At the Superdome, the Saints were never the same after Anthony Carter's 84-yard punt return put the Vikings ahead late in the first quarter, 10-7.

It may not be true that he and halfback Darrin Nelson are most of Minnesota's offense, but they're a lot of it.

And the strange thing is the aggressiveness they bring to the football field for athletes of their size.

At 5-foot-11 and 174 pounds, Carter is one of the NFL's smallest players. And at 5-9 and 185, Nelson is about as small as running backs get. But whereas most little guys play soft, Carter and Nelson play hard.

When carrying the ball, they attacked the New Orleans defense before it could attack them.

The Vikings' defensive line played exactly the same way. From his station at defensive right tackle, Keith Millard came off the ball as swiftly as the Saints' offensive linemen--who knew the count.

And coming right behind Millard on most plays were Minnesota's defensive ends, Chris Doleman and Doug Martin, who, like Millard, arrived in Minnesota as No. 1 draft choices.

Carter, Nelson, their defensive linemen and several other Vikings are known in today's football as impact players. They are also called big-play players--and the difference between the teams was that New Orleans doesn't have any big-play or impact people.

The best two Saints are halfbacks Rueben Mayes and Dalton Hilliard, who can be contained by defenses as strong as Minnesota's.

It's true that big-play players don't always make big plays, but when they do, as Minnesota's did Sunday in New Orleans, it's usually all over for the other side.

If the Vikings are as good as they seemed, why did they back into the 1987-88 playoffs as a wild card team?

"Our quarterbacking has been shaky this season," Burns said. "Our kicking game has been shaky. And we went 0-3 during the strike."

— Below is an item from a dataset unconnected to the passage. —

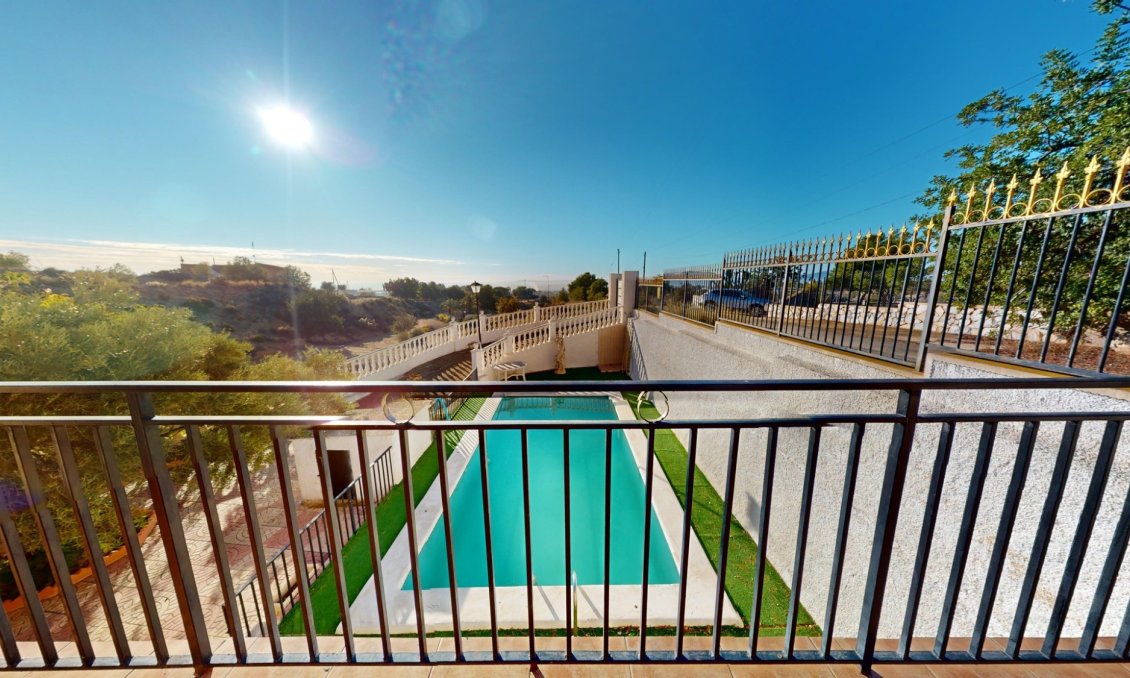 Használt Ingatlanok - Villa -
Crevillent - Inland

That's most of it. And it's a tossup whether an erratic quarterback, erratic special-team play or the strike hurt the Vikings the most. No other playoff team lost every replacement game.

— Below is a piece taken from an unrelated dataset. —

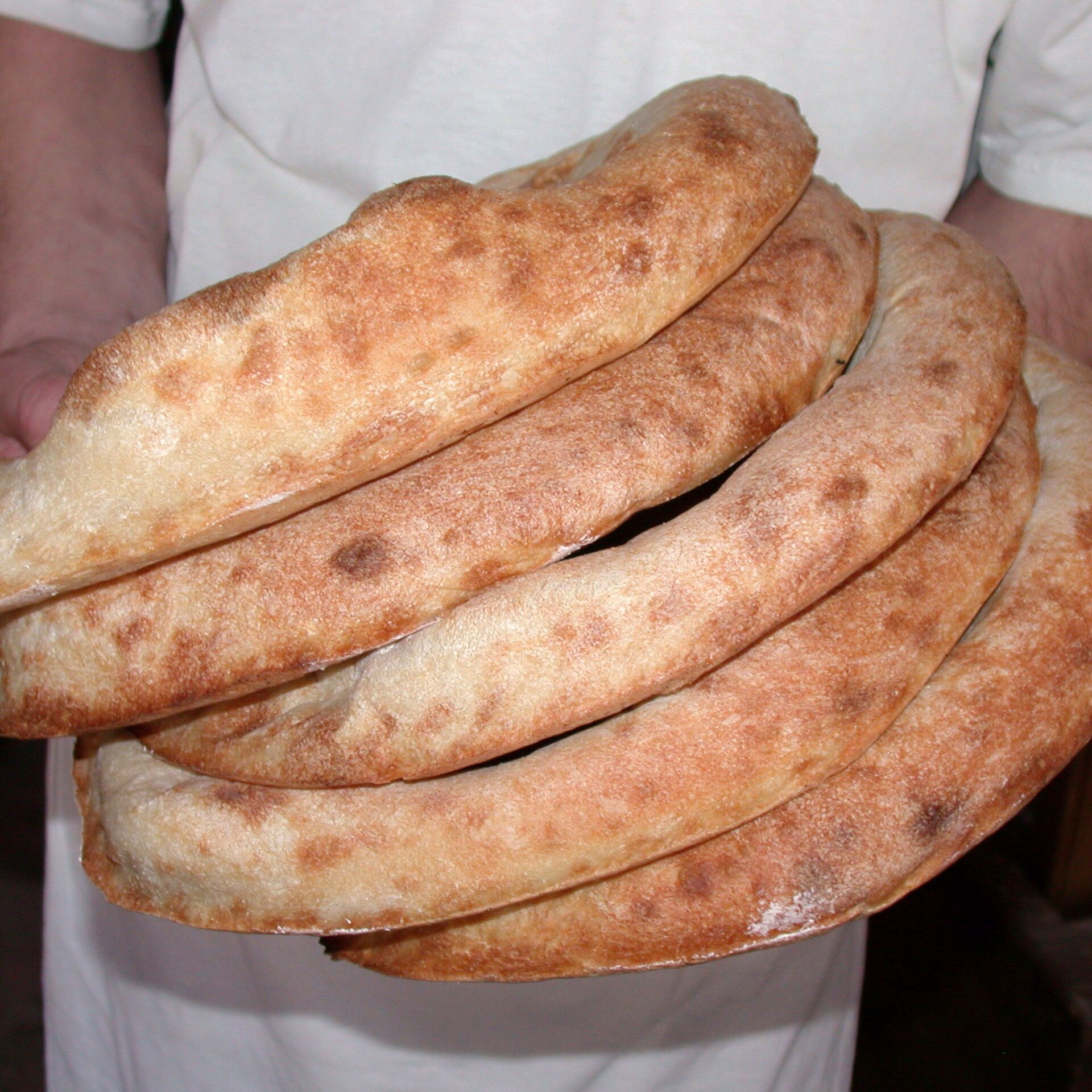 Толстый лаваш в домашних условиях. Шоти-Пури. Армянский хлеб Пури. Грузинский хлеб шоти. Грузинский шоти Пури.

In New Orleans, the Vikings got a big enough game from quarterback Wade Wilson. And this time their kicker, Chuck Nelson, kicked the ball straight and high.

The Vikings have so many impact players that that's all it took.

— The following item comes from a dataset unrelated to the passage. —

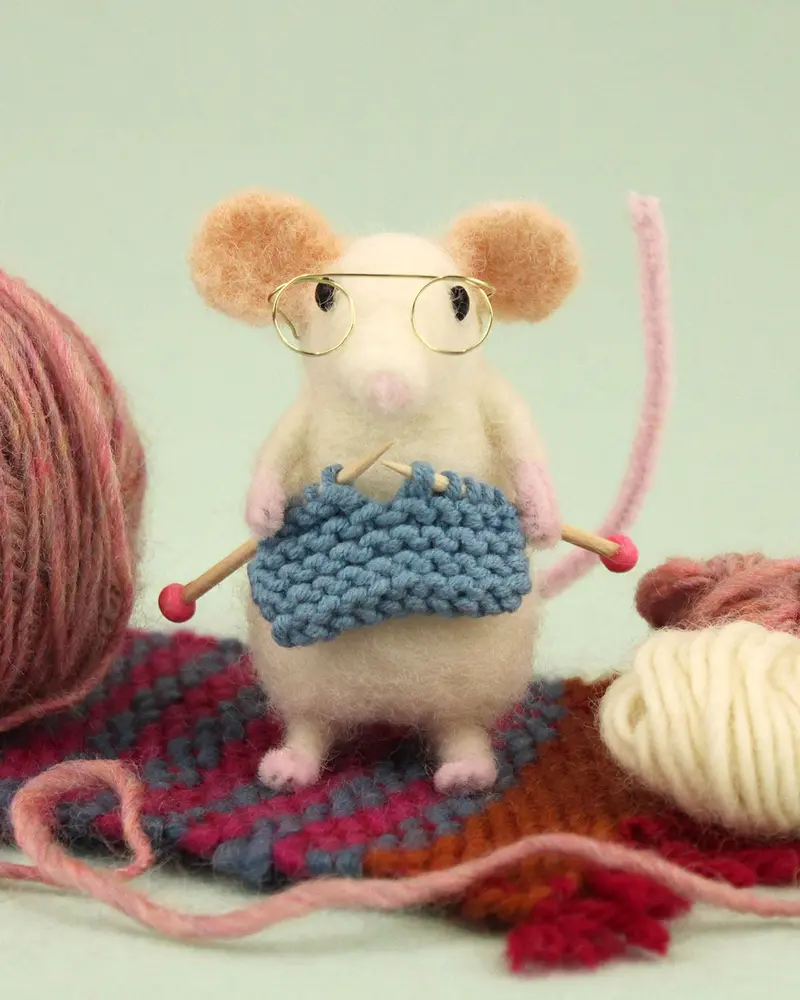 The Makerss - Small Knitting Mouse Needle Felt Kit 2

In the second quarter, for example, when they led by only three points, Nelson carried Wilson's one-yard pass 37 yards to the New Orleans one--exhibiting speed and moves along the sideline followed by tackle-breaking power after he cut in.

That made it 17-7 and, coming on top of Carter's big run, it took the confidence out of the Saints. They were ready for Minnesota this time--they scored first. There were just too many big-play Vikings.

The result of the Saints' first playoff game should have solidified the place of their new leader, Jim Mora, as coach of the year.

It is plain now that when the Saints went 12-3 this season, Mora was doing it with mirrors.

He doesn't have 12-2 talent.

Before the game, he and Burns agreed that it was the Saints' special teams that got them this far--which doubtless means two things. First, their offense and defense haven't done that much. Second, special-team excellence is the hallmark of good coaching.

In their first wild-card game, two cheap plays did the Saints in--Carter's punt return that not even Minnesota expected and the alley-oop touchdown just before halftime, when Minnesota led, 31-10.

Take those two away and it's a game. The Saints can come back from 17-10. The Vikings, for one thing, might have fumbled, and that would have brought in the crowd.

The Saints couldn't come back from 31-10--not against Millard and Doleman.